Harga Gas Industri Bakal Naik, Bahlil: Sudah Tak lagi USD6 per MMBTU

Fibingunp – JAKARTA – Menteri Energi lalu Narasumber Daya Mineral (ESDM) Bahlil Lahadalia menyebutkan, harga jual gas bumi tertentu (HGBT) akan naik dari posisinya ketika ini yakni USD6 per MMBTU. Lonjakan nilai tukar ini disebabkan oleh terkerek naiknya biaya gas dunia.
Selain itu gas sebagai materi baku HGBT harganya lebih besar rendah dari gas yang dipakai untuk energi.
“HGBT sudah ada tidak ada lagi Mata Uang Dollar 6 sebab sekarang tarif gas dunia lagi naik. Terus yang dimaksud kedua untuk HGBT unsur bakunya dari gas itu harganya lebih besar rendah dari gas yang digunakan dipakai untuk energi,” ujar Bahlil usai Sidang Kabinet Paripurna pada Kantor Presiden, Ibukota Indonesia Pusat, Rabu (22/1/2025).
Menurutnya, biaya gas yang tersebut digunakan untuk energi diperkirakan berada dalam bilangan USD7. Namun untuk materi bakunya pada sikap USD6,5.

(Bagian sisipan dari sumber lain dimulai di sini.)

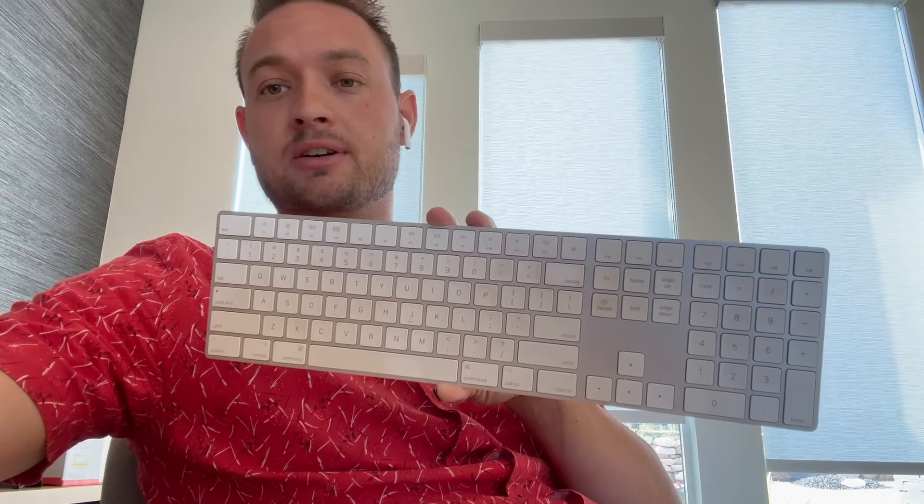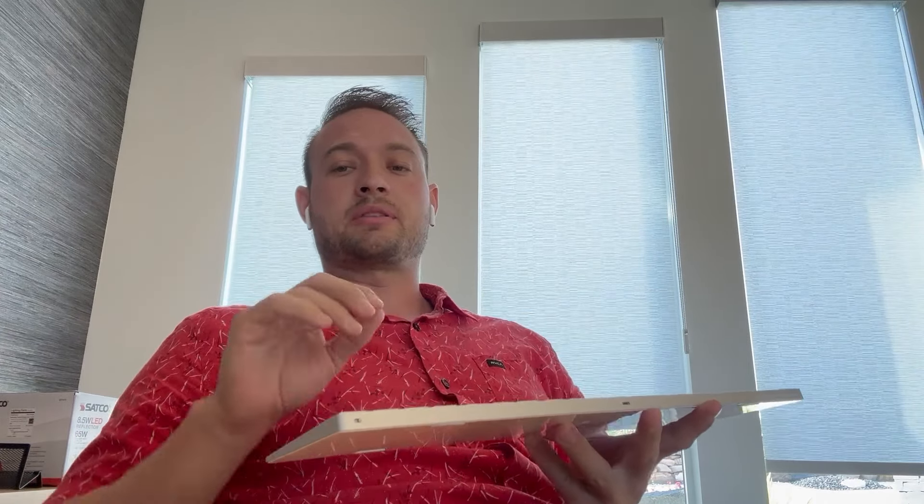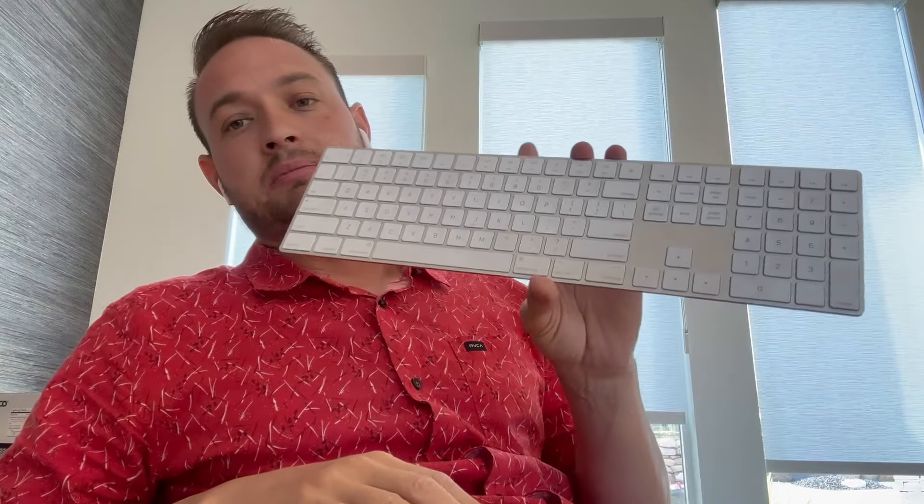Hey everyone, today we have a keyboard. I love keyboards. I have a laptop — laptops are great — but sometimes I just want to sit back and work from there without having to sit up all the way. Sometimes it can be hard on my back, so I really like the keyboard. It just makes my life so much easier.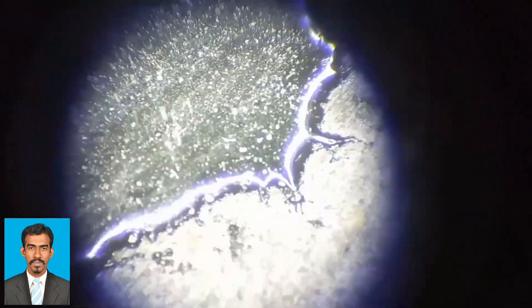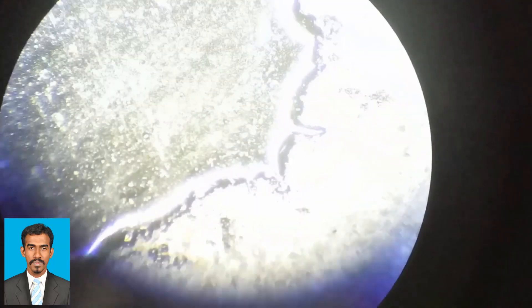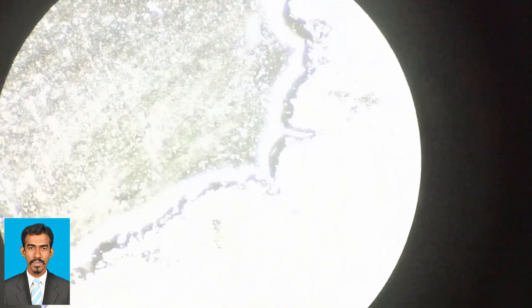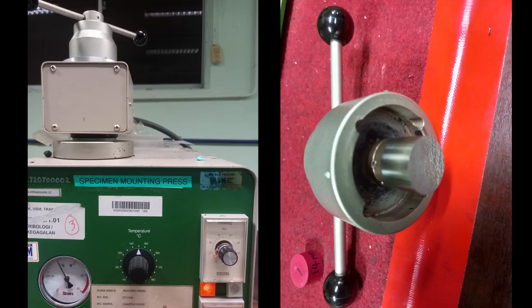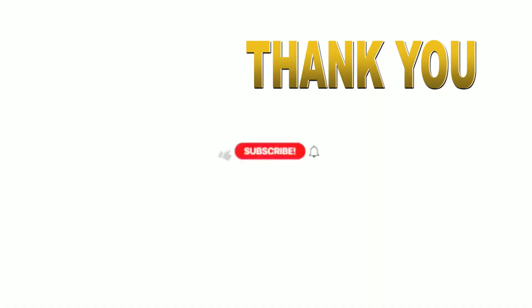Once the sample is produced, we can observe it through the microscope, because edge retention is an important consideration when selecting a mounting resin and hot press. Hot mounting compounds tend to provide better edge retention compared to cold mounting resins. In these microscopic images, you can see the clear edge of the sample as well as the mounting resin. After you remove the sample, switch off the machine and end the practical.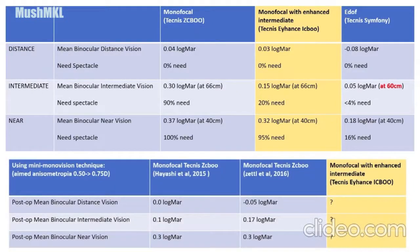From results by previous studies — Hayashi and Jha et al. in 2015 and 2016 — after applying the mini monovision technique of 0.5 to 0.75 diopters between both eyes, it clearly showed that the distance, intermediate, and near visions for the monofocal Tecnis ZCB lens all improved after using this mini monovision technique.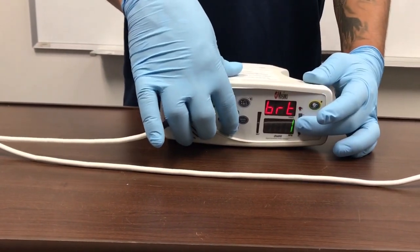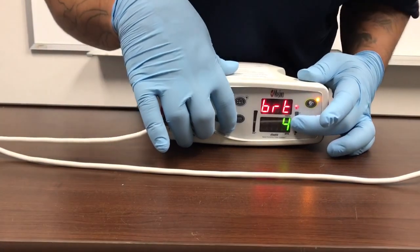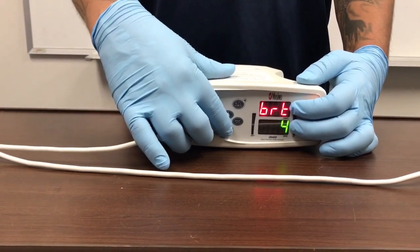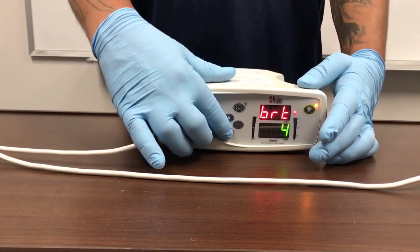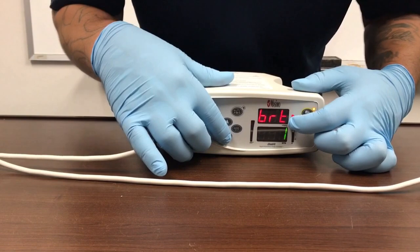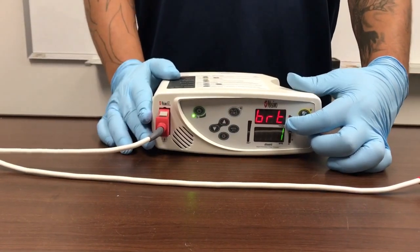If you have this machine all the way up on brightness level 4, the battery will not last very long — I would say only about 1 hour or so. So just make sure if you are running the machine off of the battery, make sure you have it on the lowest setting possible.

“Gas kemungkinan besar untuk energi pada rancangan kami kurang lebih tinggi sekitar USD7, tetapi kalau untuk materi bakunya dalam bawah itu, sekitar-sekitar itu USD6,5,” paparnya.
Dia juga memastikan, kebijakan HGBT diperpanjang tahun ini. Dimana berlaku untuk tujuh sektor industri, yakni pupuk, petrokimia, oleochemical, baja, keramik, kaca, kemudian sarung tangan karet.
“Sektor-sektornya itu belaka enggak diperluas. Pernah diminta (diperluas sektornya sebanding Kemenperin) tetapi kita lagi menghitung antara produksi serta permintaan di negeri kita,” beber dia.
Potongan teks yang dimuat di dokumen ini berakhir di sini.